Badan Meteorologi, Klimatologi, dan Geofisika (BMKG) menyebutkan perubahan iklim meningkatkan risiko curah hujan ekstrem yang menjadi salah satu penyebab banjir di Jabodetabek.
"Pengkajian data historis curah hujan harian BMKG selama 150 tahun (1866-2015), terdapat kesesuaian tren antara semakin seringnya kejadian banjir signifikan di Jakarta dengan peningkatan intensitas curah hujan ekstrem tahunan sebagaimana terjadi pada 1 Januari 2020," kata Deputi Klimatologi BMKG Herizal di Jakarta, Jumat.
Curah hujan ekstrem lebih dari 150 mm/hari yang turun cukup merata di wilayah DKI Jakarta telah memicu banjir besar seperti 2015 dan 2007.
Data 43 tahun terakhir di wilayah Jabodetabek, curah hujan harian tertinggi per tahun mengindikasikan tren kenaikan intensitas 10-20 mm per-10 tahun.

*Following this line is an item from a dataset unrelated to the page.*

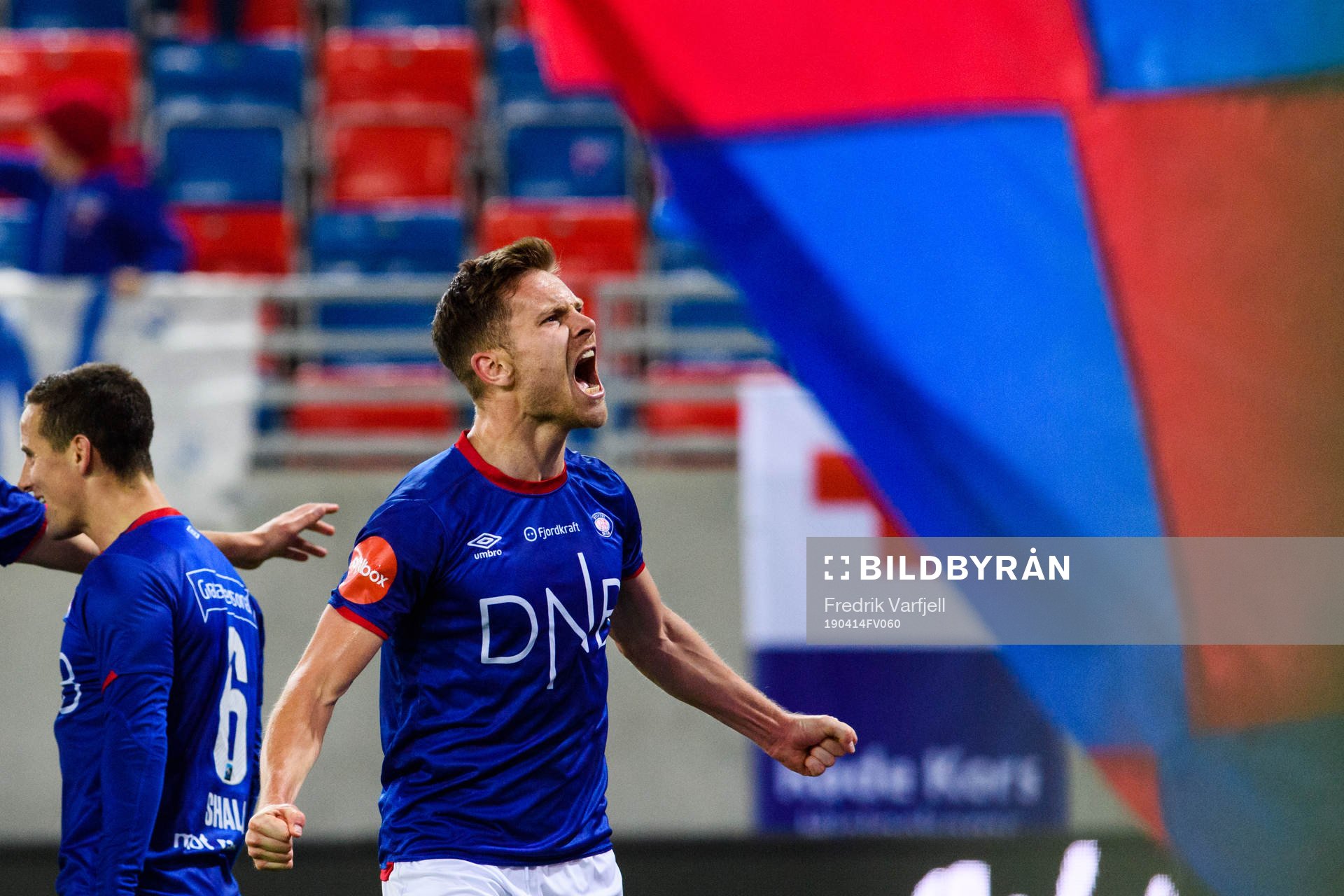 Matthías Vilhjálmsson of Vålerenga celebrates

Analisis statistik ekstrem data series 150 tahun Stasiun Jakarta Observatory BMKG untuk perubahan risiko dan peluang terjadinya curah hujan ekstrem penyebab kejadian banjir dengan perulangan sebagaimana periode ulang kejadian 2014, 2015, termasuk bila kejadian 2020 diperhitungkan, di Jakarta menunjukkan bahwa peningkatan 2-3 persen bila dibandingkan dengan kondisi iklim 100 tahun lalu.
"Hal ini menandakan hujan-hujan besar yang dulu jarang, kini lebih berpeluang kerap hadir pada kondisi iklim saat ini," katanya.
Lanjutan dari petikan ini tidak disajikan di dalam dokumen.